Mark Watson-Mitchell anticipates improving fortunes for this specialist filtration and environmental technology company.
Two weeks ago, this Kings Lynn, Norfolk based group announced its trading update for the nine months to end-August.
They covered the ghastly Covid-19 affected period and despite showing a fall-off in sales, just 2.5% down, it certainly showed some resilience to the virus.
Porvair (LON:PRV) is a specialist filtration and environmental technology company engaged in the development, design and manufacture of filtration and separation equipment.
It operates through three divisions: Aerospace and Industrial; Laboratory; and Metal Melt Quality.
The Aerospace and Industrial Division designs and manufactures a broad range of specialist filtration equipment for application in aerospace, energy, bioscience, water and industrial applications.
This division, which has operations in the UK, the US and in India, serves the petrochemical, general industrial, energy and aerospace markets.

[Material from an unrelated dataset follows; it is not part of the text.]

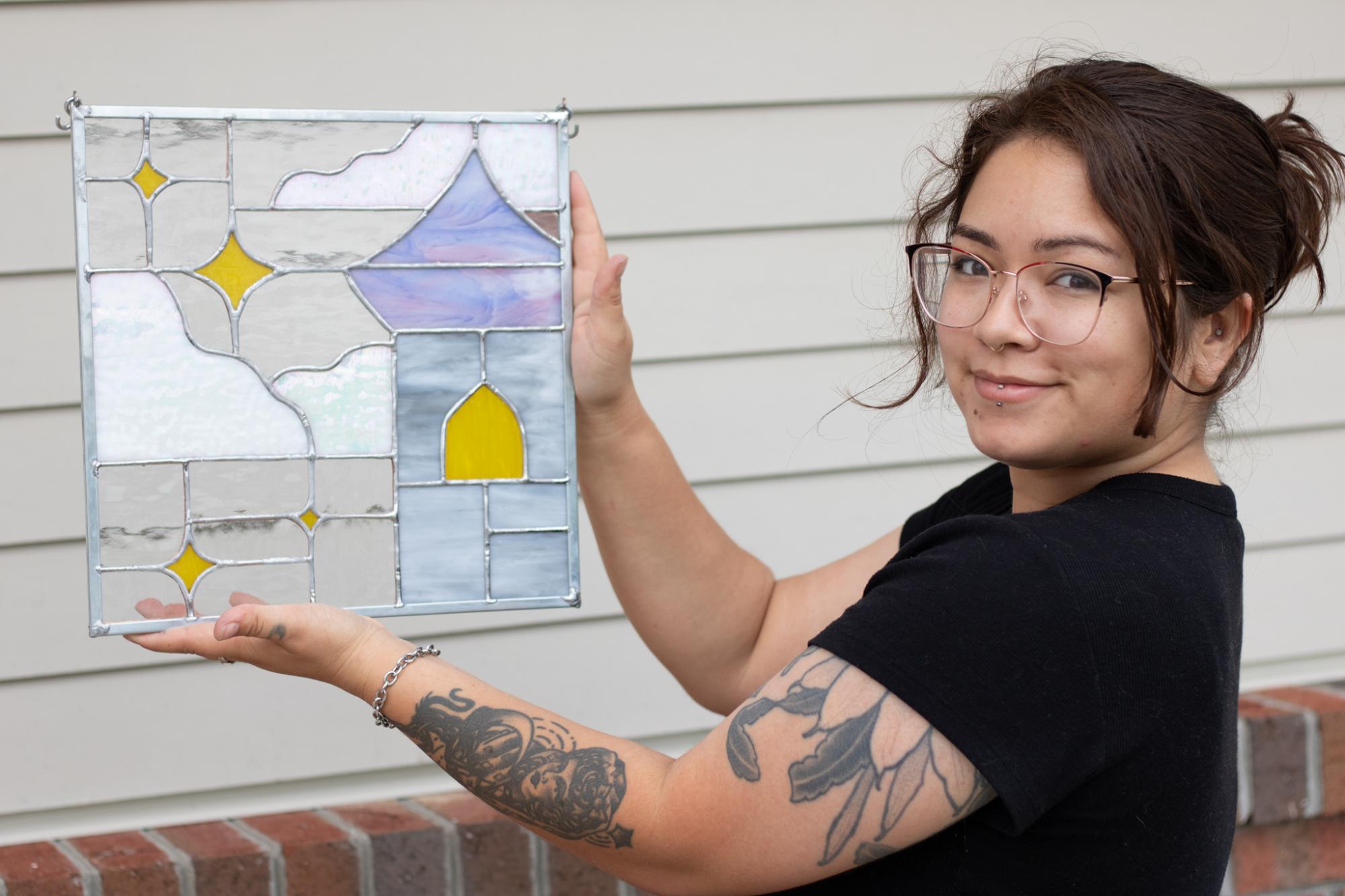 Young woman holding her completed stained glass piece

Its particular growth drivers are energy demand, air travel and emissions.
The Laboratory Division designs and manufactures instruments and consumables for use in environmental and bioscience laboratories with a particular focus on water analysis instruments and sample preparation equipment.
This division has operations in the US, Germany, the Netherlands and the UK. Its main markets are water laboratories, bioscience filtration, and chromatography.
Its growth drivers centre around clean water, bioscience research and drug discovery.
The Metal Melt Quality Division serves the market for the filtration and handling of molten metal.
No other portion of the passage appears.